> **Required work**: Copy the listing below in full and skip every picture.

> **Data**:
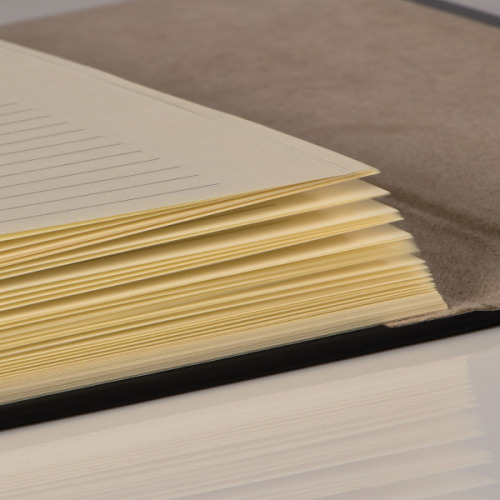 Notatnik A5 w linie soft touch BENJAMIN Czarny 2008703 (4)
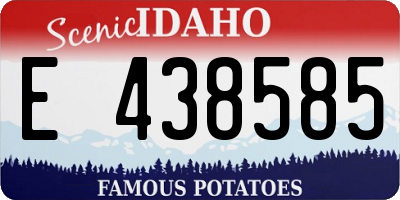 ID license plate E438585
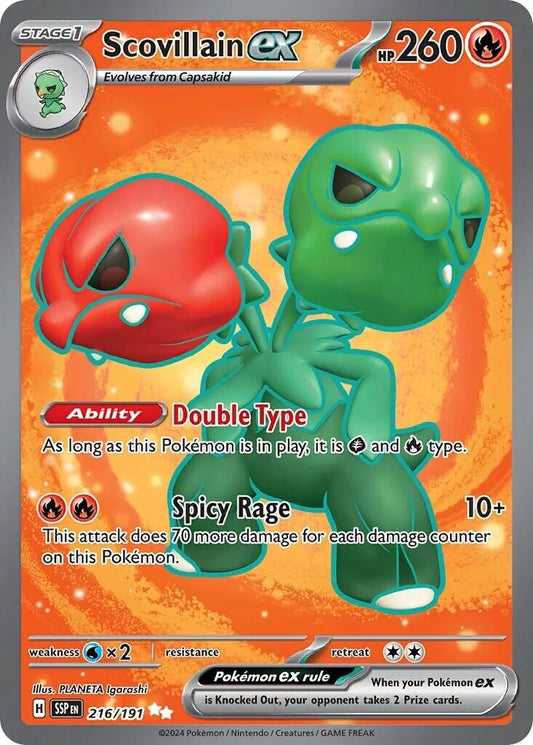 Scovillain ex - 216/191 - 216/191 (Holo)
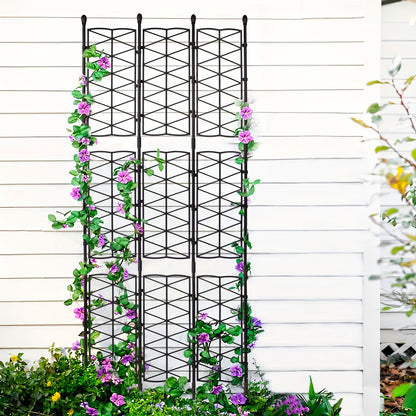 Enrejado Trepadoras 46x165cm Metal Negro | Nyana Garden_0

> **Answer space**:
 Notatnik A5 w linie soft touch BENJAMIN Czarny 2008703 (4)
 ID license plate E438585
 Scovillain ex - 216/191 - 216/191 (Holo)
 Enrejado Trepadoras 46x165cm Metal Negro | Nyana Garden_0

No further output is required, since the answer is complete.